CXMT DDR5 Pricing Approaches Big Three Levels as Supply Stability Becomes Core Competitive Edge
N.R. Finch
CXMT's DDR5 purchase prices have essentially caught up with Samsung, SK Hynix, and Micron. The price gap is gone, but supply certainty is now the main reason module makers choose CXMT.
Why hasn't CXMT brought cheaper DDR5?
At Computex 2026, multiple module makers confirmed that CXMT's DDR5 procurement price is roughly on par with the big three — no significant discount materialized.
Earlier reports of CXMT DDR5 modules selling for as low as $138 were described by vendors as short-term promotions or limited-quantity offers, not standard market pricing.
This means → the expectation that CXMT's ramp would meaningfully push down consumer DDR5 prices is, for now, too optimistic.
How can CXMT charge this much?
Driven by AI demand, Samsung, SK Hynix, and Micron have shifted heavy capacity toward HBM — high-bandwidth memory built specifically for AI chips — leaving mainstream DDR5 supply persistently tight.
In plain terms = the majors are busy making premium memory for AI; nobody wants to produce extra mainstream DDR5, so CXMT, as a new supplier, ends up with stronger pricing power.
This reflects a structural shift in the DRAM market: CXMT didn't get stronger — mainstream DDR5's supply side simply opened a gap.
Why do module makers still pick CXMT?
The big three, while prioritizing AI orders, often require customers to prepay to lock in extra supply and impose strict penalty clauses on future orders.
CXMT has not adopted equally punitive terms, making it more attractive to module makers seeking to reduce supply-chain constraints.
This means → CXMT's selling point has shifted from "cheaper" to "reliably available" — when prices are similar, whichever supplier's stock is easier to secure wins.

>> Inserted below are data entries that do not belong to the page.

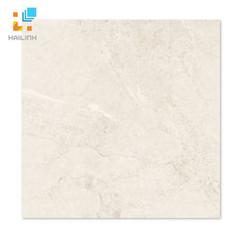 Ảnh Gạch Taicera GP68813 1
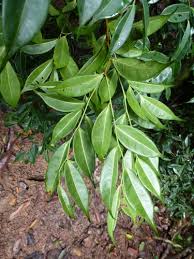 Image result for Scytopetalum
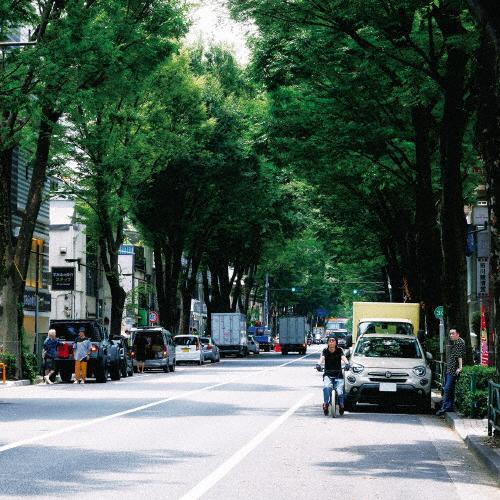 [枚数限定][限定盤]The Ordinary Road(初回限定盤B)/ストレイテナー[CD+Bl...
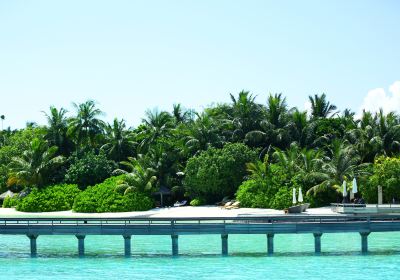 Medhufushi Island Resort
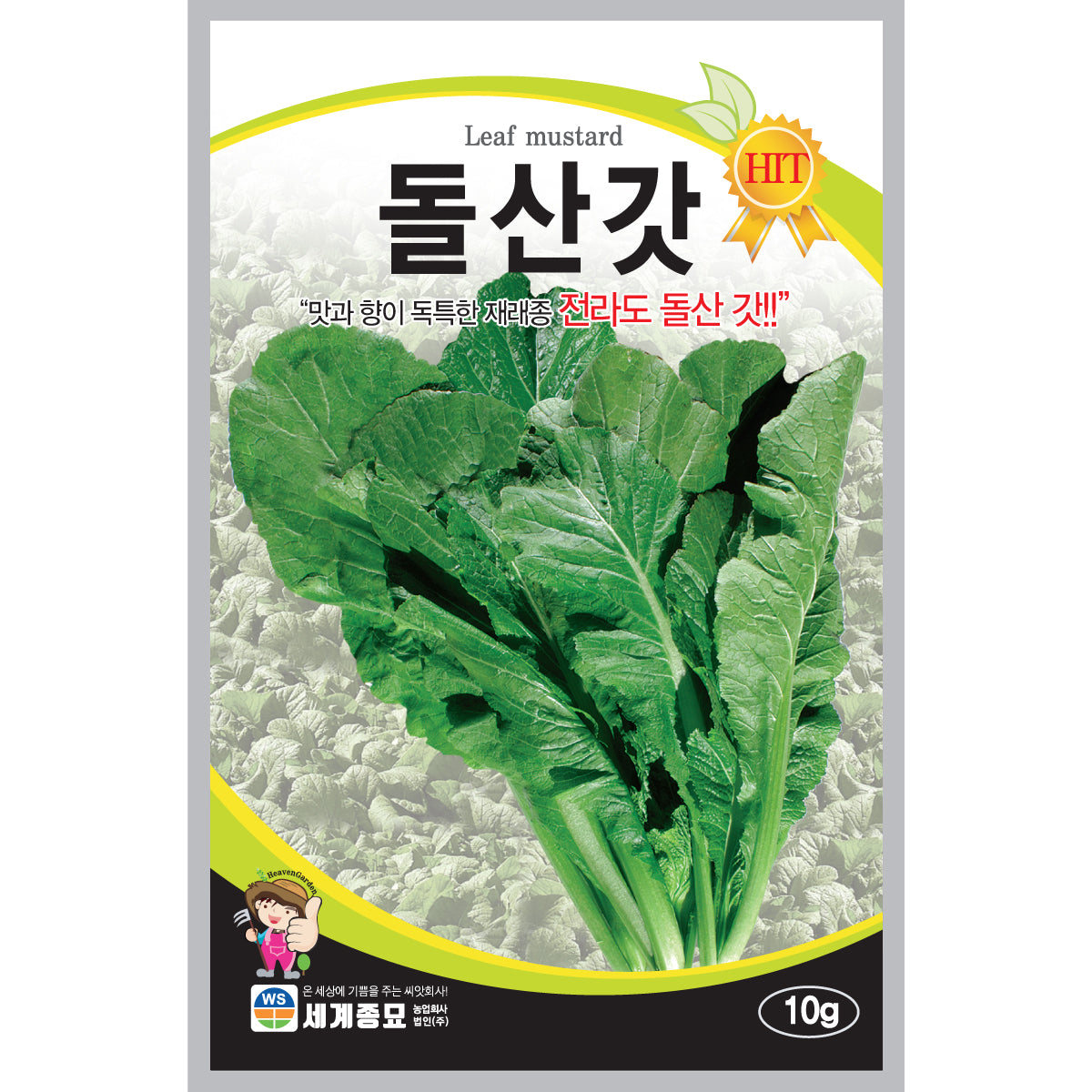 돌산갓 씨앗 Leaf Mustard Seeds 5g
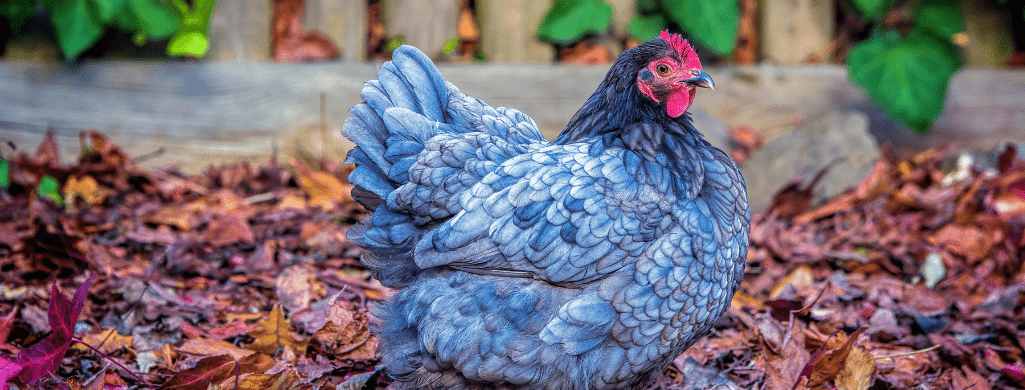tips for helping cochin hens and roosters in winter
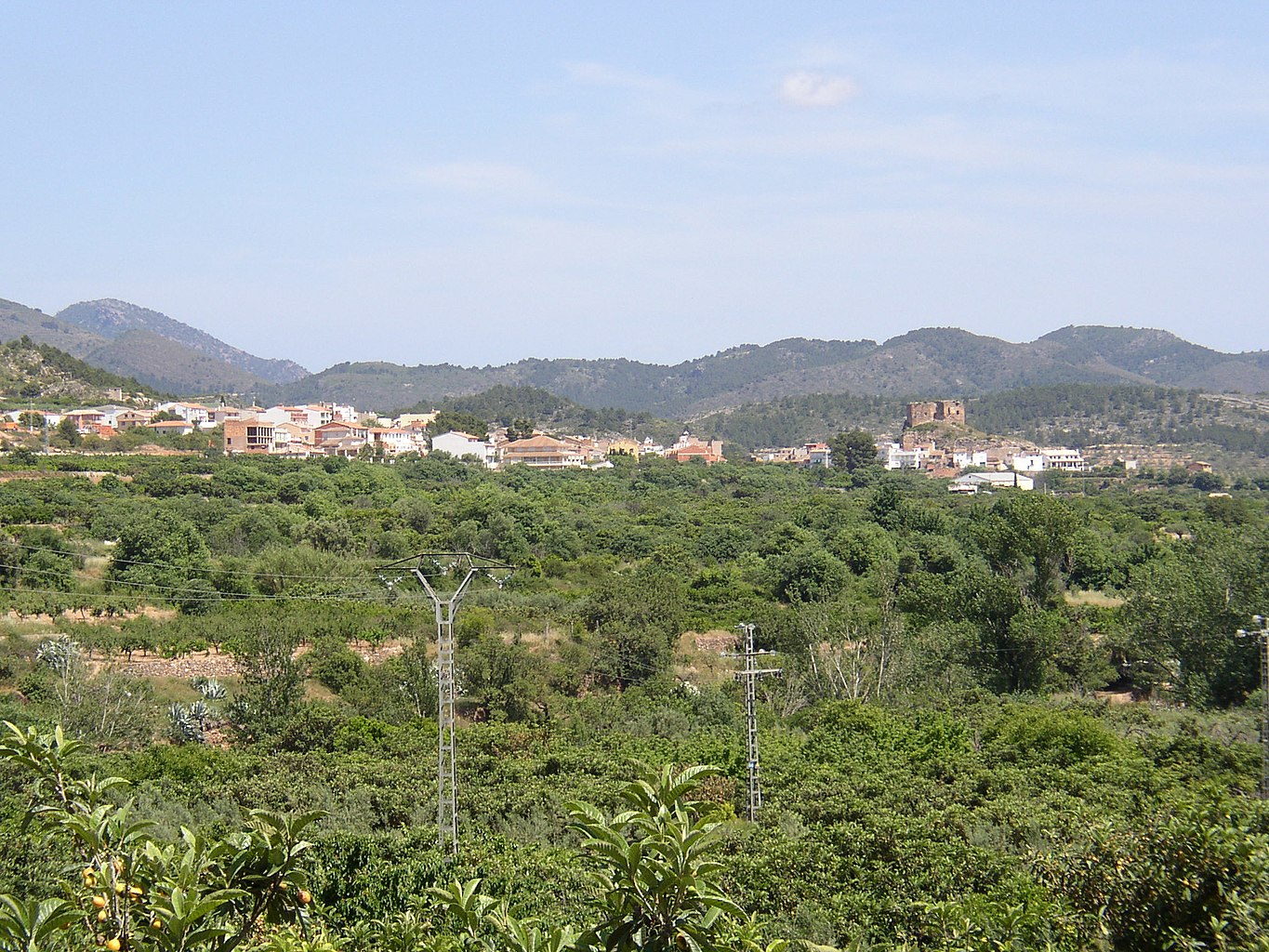 Rótulos en Castellnovo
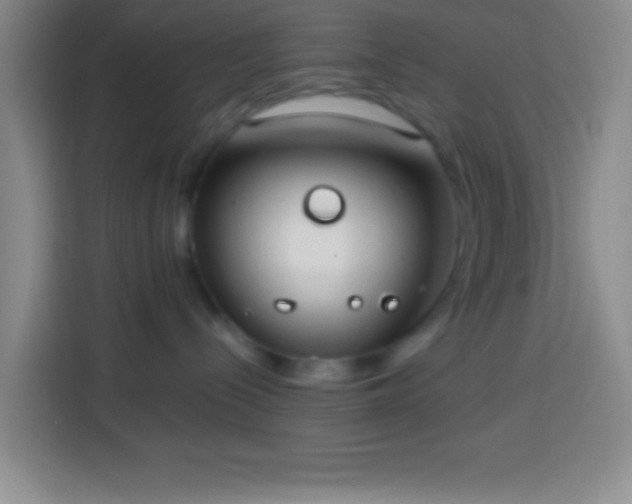 X0000113900288200910011349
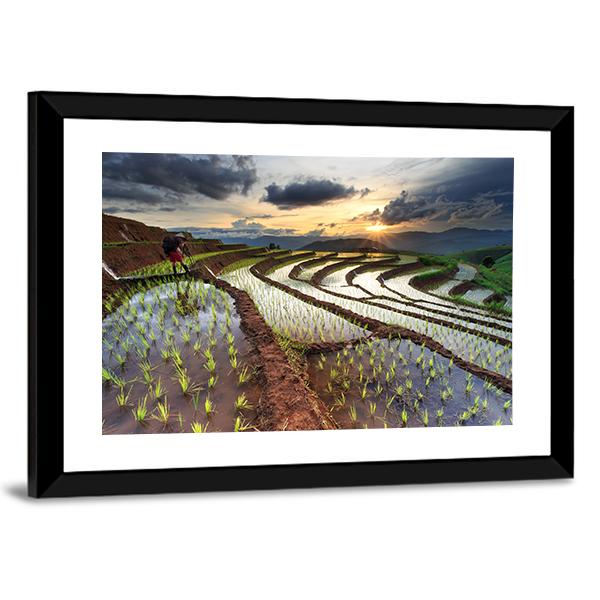 Rice Fields On Terraced At Chiang Mai Thailand Panoramic Canvas Wall Art-1 Piece-36" x 12"-Tiaracle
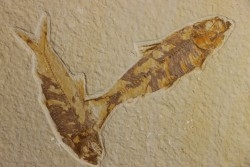 poisson fossile KNIGHTIA EOCAENA - WYOMING, USA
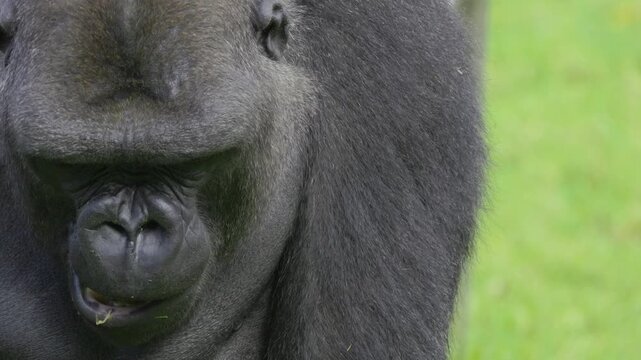 Close-up of a large silverback gorilla eating grass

Where does CXMT's technology stand?
Its DDR5 tops out at 8,000 MT/s; server-grade RDIMMs — registered memory modules built for servers — are in mass production. CXMT has also started shipping MRDIMMs and demonstrated LPDDR5X (low-power memory for phones and tablets) at up to 10,667 Mbps, approaching early LPDDR6 specs.
But newer high-end formats like CUDIMM, CQDIMM, and CSODIMM, plus AI-critical HBM, remain dominated by the big three.
U.S. export controls on advanced semiconductor equipment continue to constrain CXMT's pace in capacity expansion and yield improvement.
Where will CXMT's DDR5 ship first?
Several vendors are validating CXMT DDR5 dies in modules, initially for entry-level products.
These modules are expected to launch in China first, with a gradual move into global supply chains as die quality improves.
In plain terms = CXMT's playbook is to secure its home market and start at the mid-to-low end — the high end and overseas expansion still need time.
Content is for reference only, not financial advice.